Es éste el último libro de poemas que publicó en la Argentina , y a nuestro juicio el mejor, tanto entre los que aparecieron de este cuanto del otro lado del océano, en castellano cuanto en italiano. Como su título lacónicamente indica (“por un exceso de cronología”, confesará el autor años más tarde), se trata del sexto de sus poemarios, que sigue a Libro de poemas y canciones (1940); Ensayos de poesía lírica (1945); Persecución de las musas menores (1945); Paseo sentimental (1946) y Los hermosos días (1946). Luego, ya viviendo en Italia, una muestra de poemas de estos libros, traducidos por el autor y reunidos bajo el título de Poesie spagnole, será editada por Guanda en 1963. Su poesía escrita directamente en italiano aparecerá en los libros Luoghi comuni (1961); La parola morte (1968) e Italianisches Liederbuch (1974), que serán reunidos dos años después de la muerte de Wilcock en un volumen, Poesie (Adelphi, 1980), que incluye también la selección de sus poemas traducidos del castellano, un ‘poemetto’ alegórico publicado en 1963 en la revista “Intelligenza” y algunos textos inéditos.

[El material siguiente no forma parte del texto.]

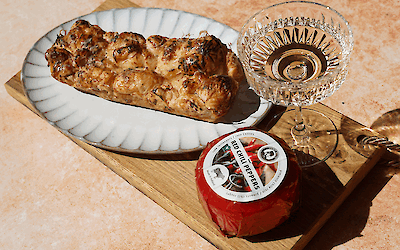 Swavory croissant pull-apart bread with melted Henri Willig Chili Cow Cheese and hot honey, served on a wooden board with a glass of wine.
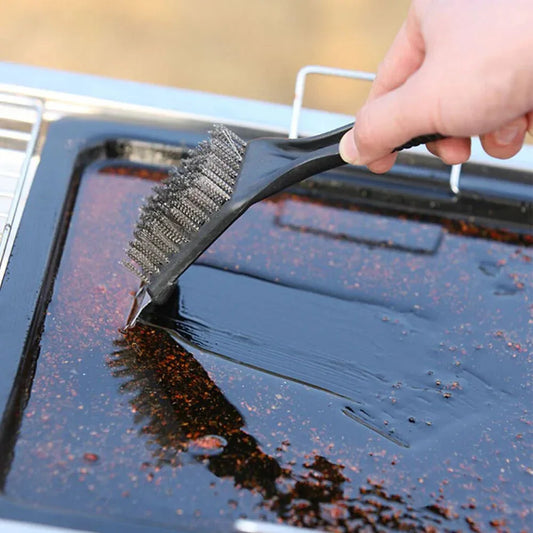 Person cleaning a grill with a brush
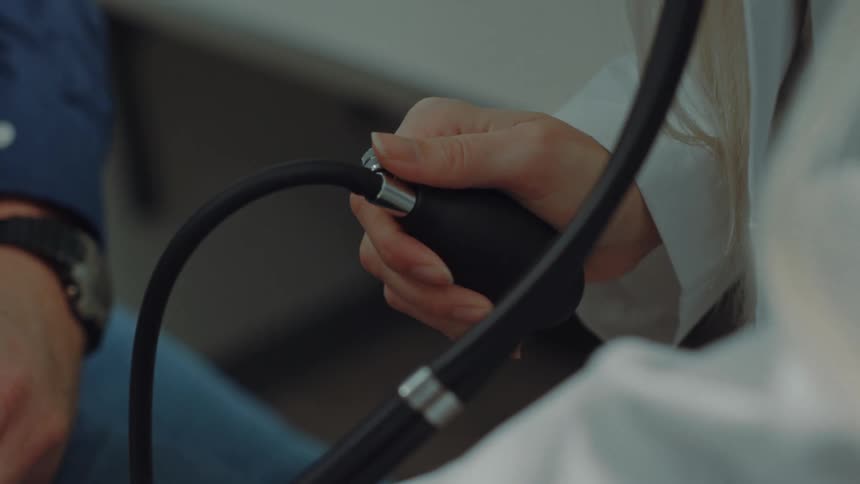 A doctor is taking the blood pressure of a patient in an office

En la introducción al tomito de Poesie spagnole, Wilcock ya definía en pocas palabras la situación artística que recibiría el nombre ¾nada agraciado, pero notablemente productivo en congresos universitarios¾ de “posmoderna”. En efecto, decía allí: “En esa época, los años de la segunda guerra mundial, la vanguardia literaria ya había agotado su tarea de representar ante los ojos del mundo el desastre producido por la primera guerra mundial; el equilibrio histórico imponía a partir de entonces que la segunda mitad del siglo fuese un período de reconstrucción, no de destrucción; una reconstrucción, sin embargo, que ya se dejaba entrever como un mosaico de alguna forma ensamblado con los pedazos rotos del pasado, de la era de la inocencia. A cada cual el deber de reconstruir con los trozos que por casualidad le hubieran tocado.” Y agregaba, en directa referencia a su propia obra: “Por eso el poeta emplea tan libremente el metro tradicional, la rima primigenia y el sentimiento cristalizado, que además de responder a una profunda necesidad histórica, funcionaban sobre todo como astutos instrumentos, máscaras necesarias para esconder provisoriamente el rostro y no ser confundido con la multitud desorientada de los rezagados que brincaban de la poesía sin sentido a la poesía comprometida, ramas del gran árbol que ya entonces se desgajaban y luego terminarían cayendo.”[2]
Sería difícil formular de una manera más exacta las tensiones que integran y se disputan la obra poética de Wilcock, aunque sería triste reducirla a esa distante especulación histórico-artística con que el autor la presenta. También tal actitud declarada de astucia, de enmascaramiento, es a nuestro juicio una ulterior máscara para defender la real desprotección de la experiencia que nutre la mejor parte de su poesía. Pero toda máscara, sabemos, termina por fundirse con el propio rostro: de allí, creo, la extraña mezcla de admiración, conmoción e incomodidad que esta obra a menudo nos produce.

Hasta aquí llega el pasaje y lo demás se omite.